Cheaters in professional sports, what to do with them

This archived article was written by: Nate Davis

Rafael Palmeiro is the latest in a new list of MLB players tested positive for steroids. Palmeiro was caught cheating, whether he knew it or not, he did take steroids.
What is the punishment for cheating in baseball you ask? Palmeiro was given a ten-game suspension. That’s right, ten games, which is not nearly enough of a punishment for players who test positive for banned substances.
If I applied for a job today and was hired, I could be subject to random drug testing. If I failed one test, regardless of what excuse I had–even if I swore that I had thought that I was taking flaxseed oil–I could and should be fired. Not given a ten-day vacation.
Under the current steroid policy, your first offence you receive a ten game suspension, your second positive test gets a thirty-day ban, the third time you test positive for steroids, you are suspended for sixty days and finally if you test positive four times, you are banned for one year. The steroid penalties in Europe are much more severe.
Adrian Mutu, a professional soccer player in Europe, tested positive for drugs in late May 2004. He was banned by FIFA, (the governing body of soccer) for one year. This ban was in all of Europe so he was not able to move to a different country and continue to play professionally there. In the United States we need a significant punishment for athletes who fail drug tests, not a non paid vacation.
The NFL has the strongest steroid policy of the four major professional sports leagues. But even it has improvement to do. By the NFL’s standards you are suspended for a full year on your third offence not your fourth as in baseball.
The policy in basketball had previously been referred to by lawmakers as the weakest, but Commissioner David Stern has proposed a new punishment: a ten-game suspension for a first offense much like baseball, but for the second offence a player would be suspended for 25 games and if a third offence took place, a player would be disqualified from participating in the NBA with possible reinstatement in two years. The new plan was discussed during a meeting on June 30th. The NHL doesn’t test for steroids.
I would now like to turn from Palmeiro and steroid punishments to Barry Bonds. Bonds has been in the spotlight of the steroid investigations since December of last year when it was leaked that he had testified to a Grand Jury that he had in fact used steroids.
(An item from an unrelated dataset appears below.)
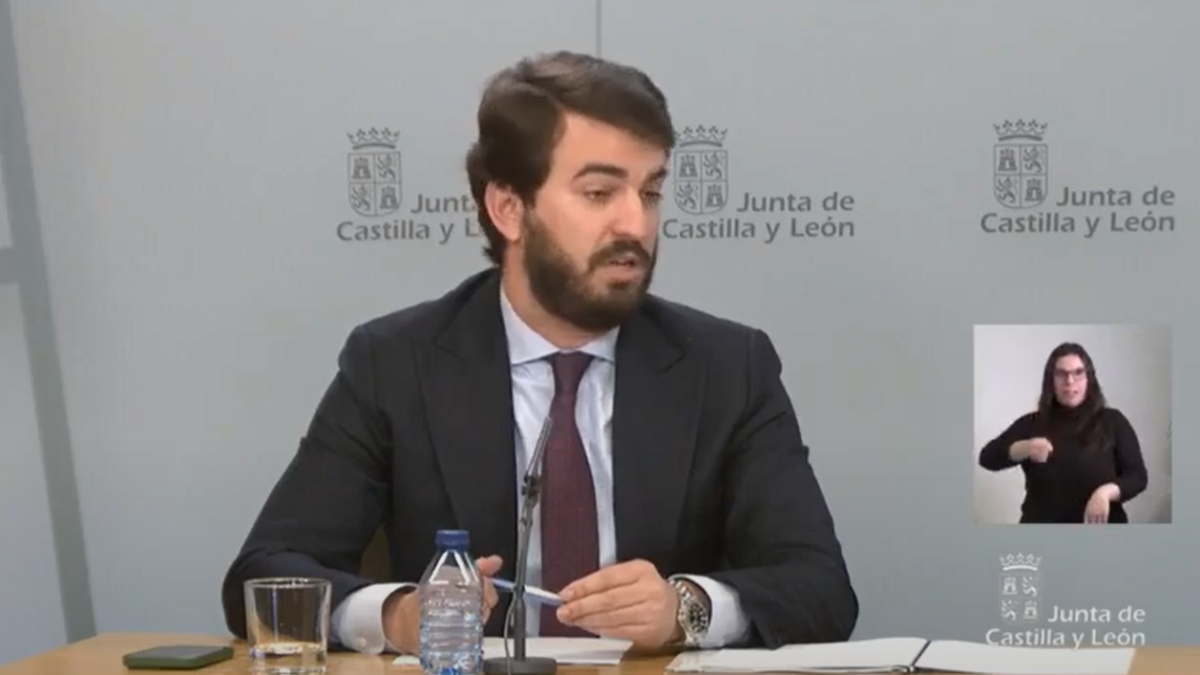 Gallardo espera que Carnero continúe como consejero de la presidencia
Bonds claims he was not aware that the substances his trainer, Greg Anderson, gave to him contained steroids. He was quoted saying “I never asked Greg. When he said it was flaxseed oil, I said, whatever.” A year earlier Bonds remarked to a reporter that it would be impossible for him to unknowingly take steroids.
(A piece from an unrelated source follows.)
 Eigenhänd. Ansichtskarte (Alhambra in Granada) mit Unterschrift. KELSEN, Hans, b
Also during the hearings, other players testified that the reason many big named players chose Anderson as their trainer was because of the success that Bonds had with him.
Gary Sheffield also told the Grand Jury that he was not told that he was being given steroids they were referred to as Sheffield put it “the cream” and “the clear” also he said that he never did business with Anderson personally but it was through Bonds that Sheffield got “the cream” and ” the clear”.
Finally I would like to leave you with a question to think about. How unusual is it that Bonds has been able to put up good numbers while he is in his 40s? Most players in their 40s are either retired or should be.
Bonds has been able to put up unbelievable numbers. He started working with Anderson the year that he broke the single season home run record in 2001.
The current steroid policy in America is not doing the job. It is a joke; athletes are still using performance-enhancing drugs and records are being broken by cheaters.
We need a strong punishment for these players not a light slap on the wrist. Palmeiro, Bonds and others are like little children; they need a harsher punishment than being sent to their room.